Mark Mitchell wrote:

> Mostafa Hagog wrote:
>
>> We addressed the comments below.  The troubled code (unrolling and
>> renaming) was removed and replaced by a direct dependence computation
>> using df.c.  We also added support for loops with unknown bounds.
>>
>> Here is the revised patch relative to mainline.   Passed regression
>> and bootstrap on powerpc-apple-darwin7.2.0 target.
>>
> I'm not going to approve the patch as it stands.
> However, I think it looks very good; it's certainly tidy and has 
> better documentation than many patches.  Furthermore, the algorithm 
> looks like a good choice.
>
> Before check-in the patch should be tested on three architectures.  
> I'd suggest IA32 GNU/Linux and IA64 GNU/Linux in addition to OS X.  
> Also, are you able to post SPEC 2000 numbers with and without the 
> patch on these platforms?  That would help to demonstrate that the 
> patch is doing useful stuff on code that a lot of people believe 
> should benefit from these kinds of improvements.  Finally, you should 
> post compile-time performance with and without the patch.  It's 
> reasonable for the compile-time performance to get a little worse if 
> the SPEC nubmers are getting better, but the impact should hopefully 
> be minimal.

Sorry, Mark.  I've just finished to review the new version of the patch 
and sent the comments before reading your email.

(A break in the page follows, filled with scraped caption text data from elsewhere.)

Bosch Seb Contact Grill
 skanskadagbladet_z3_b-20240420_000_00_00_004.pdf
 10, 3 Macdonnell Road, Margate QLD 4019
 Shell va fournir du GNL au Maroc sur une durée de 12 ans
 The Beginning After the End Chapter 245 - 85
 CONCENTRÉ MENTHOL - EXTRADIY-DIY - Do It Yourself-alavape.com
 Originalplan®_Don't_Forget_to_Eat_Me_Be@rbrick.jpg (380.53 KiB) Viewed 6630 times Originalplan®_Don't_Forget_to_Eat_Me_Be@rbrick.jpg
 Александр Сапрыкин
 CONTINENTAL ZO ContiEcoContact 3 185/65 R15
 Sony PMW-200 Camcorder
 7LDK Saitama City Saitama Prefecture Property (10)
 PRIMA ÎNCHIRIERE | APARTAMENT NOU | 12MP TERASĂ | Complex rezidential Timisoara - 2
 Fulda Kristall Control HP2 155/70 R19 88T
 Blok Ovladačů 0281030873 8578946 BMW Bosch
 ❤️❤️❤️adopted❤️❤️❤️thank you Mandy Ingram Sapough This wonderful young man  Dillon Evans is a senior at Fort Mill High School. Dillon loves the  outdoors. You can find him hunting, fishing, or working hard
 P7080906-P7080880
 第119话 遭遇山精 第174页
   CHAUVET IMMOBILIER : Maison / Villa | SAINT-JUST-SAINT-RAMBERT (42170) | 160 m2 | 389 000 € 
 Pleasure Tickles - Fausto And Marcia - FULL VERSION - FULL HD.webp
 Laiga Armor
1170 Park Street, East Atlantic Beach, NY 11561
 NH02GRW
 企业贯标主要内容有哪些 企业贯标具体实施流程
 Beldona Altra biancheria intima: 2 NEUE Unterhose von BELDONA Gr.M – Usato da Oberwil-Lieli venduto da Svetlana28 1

  Software pipelining is a quite specific optimization.  I remeber that 
a professor from NCSU specilized in insn scheduling told us to stay away 
from implementing SP (it is to complicated and expensive optimization).  
I believe it will not give an improvement for SPEC2000.  Although It 
could improve code for small benchmarks like sorting and matrix 
multiplication.   So I'd expect a small benchmark demonstrating the 
improvement.  Mostafa and Ayal gave such example.  Software pipelining 
is also very expensive optimization (with the compilation time point of 
view).  I'd not recommend it to use by default even for -O3.

IMHO the current implementation is mainly oriented to RISC 
architectures.  I'd not expect benefits to use it for x86.  But you are 
right it should be checked for regression for ia32 too.

This implementation is a good start.  There are many opportunities to 
impove it and I hope people will start to work on the improvements when 
it is on the mainline.

Vlad